How to Intermediate · 4 min read

How to deploy LlamaIndex RAG app

Q: How to deploy LlamaIndex RAG app

Use LlamaIndex to build a Retrieval-Augmented Generation (RAG) app by indexing your documents and querying them with an LLM like gpt-4o. Deploy by integrating LlamaIndex with the OpenAI SDK, loading your data, creating a vector index, and running queries to generate context-aware responses.

Quick answer

Use LlamaIndex to build a Retrieval-Augmented Generation (RAG) app by indexing your documents and querying them with an LLM like gpt-4o.

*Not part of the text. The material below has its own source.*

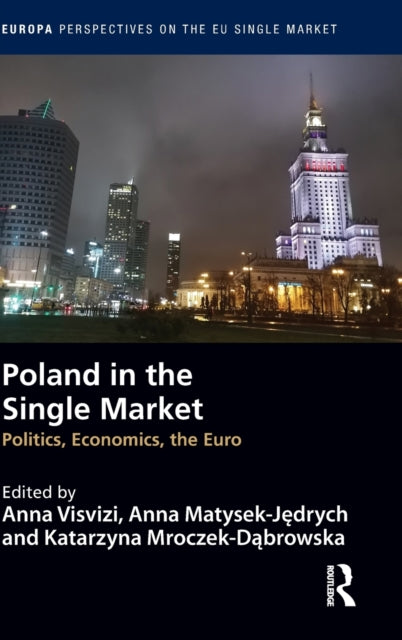 Book cover of: Poland in the Single Market. By: Anna Visvizi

Deploy by integrating LlamaIndex with the OpenAI SDK, loading your data, creating a vector index, and running queries to generate context-aware responses.

PREREQUISITES

Python 3.8+
OpenAI API key (free tier works)
pip install llama-index openai

Setup

Install the required packages and set your OpenAI API key as an environment variable.

bash

pip install llama-index openai

# Set your API key in your shell environment
export OPENAI_API_KEY=os.environ["OPENAI_API_KEY"]

Step by step

This example shows how to create a simple LlamaIndex RAG app that loads documents, builds an index, and queries it using OpenAI's gpt-4o model.

python

import os
from llama_index import SimpleDirectoryReader, GPTVectorStoreIndex, ServiceContext
from openai import OpenAI

# Initialize OpenAI client
client = OpenAI(api_key=os.environ["OPENAI_API_KEY"])

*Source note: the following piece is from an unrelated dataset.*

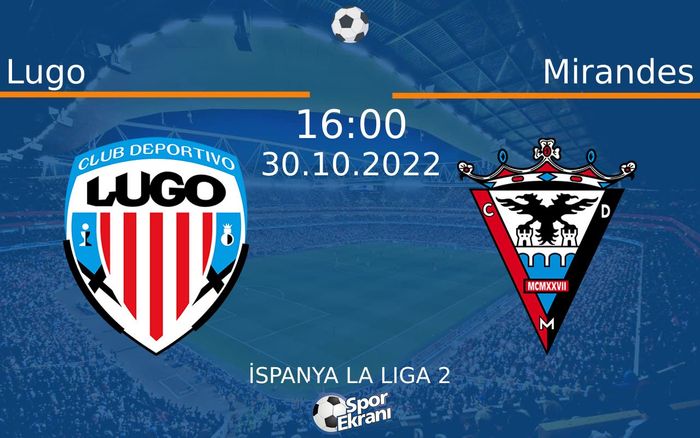 30 Ekim 2022 Lugo vs Mirandes maçı Hangi Kanalda Saat Kaçta Yayınlanacak? 30 Ekim 2022 Lugo vs Mirandes maçı Hangi Kanalda Saat Kaçta Yayınlanacak?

# Load documents from a local directory
documents = SimpleDirectoryReader("./data").load_data()

# Create a service context with OpenAI client and model
service_context = ServiceContext.from_defaults(
    llm=client.chat.completions.create,
    model="gpt-4o"
)

# Build the vector index
index = GPTVectorStoreIndex.from_documents(documents, service_context=service_context)

# Query the index
query = "What are the key points in the documents?"
response = index.query(query)

print("Response:", response.response)

output

Response: The key points in the documents are ...

Common variations

Use async calls with OpenAI SDK for better performance.
Switch to other LLMs like gpt-4o-mini for cost efficiency.
Use different data loaders for PDFs or web pages.

python

import asyncio
import os
from llama_index import SimpleDirectoryReader, GPTVectorStoreIndex, ServiceContext
from openai import OpenAI

async def async_rag_query():
    client = OpenAI(api_key=os.environ["OPENAI_API_KEY"])
    documents = SimpleDirectoryReader("./data").load_data()
    service_context = ServiceContext.from_defaults(
        llm=client.chat.completions.acreate,
        model="gpt-4o-mini"
    )
    index = GPTVectorStoreIndex.from_documents(documents, service_context=service_context)
    query = "Summarize the documents."
    response = await index.aquery(query)
    print("Async response:", response.response)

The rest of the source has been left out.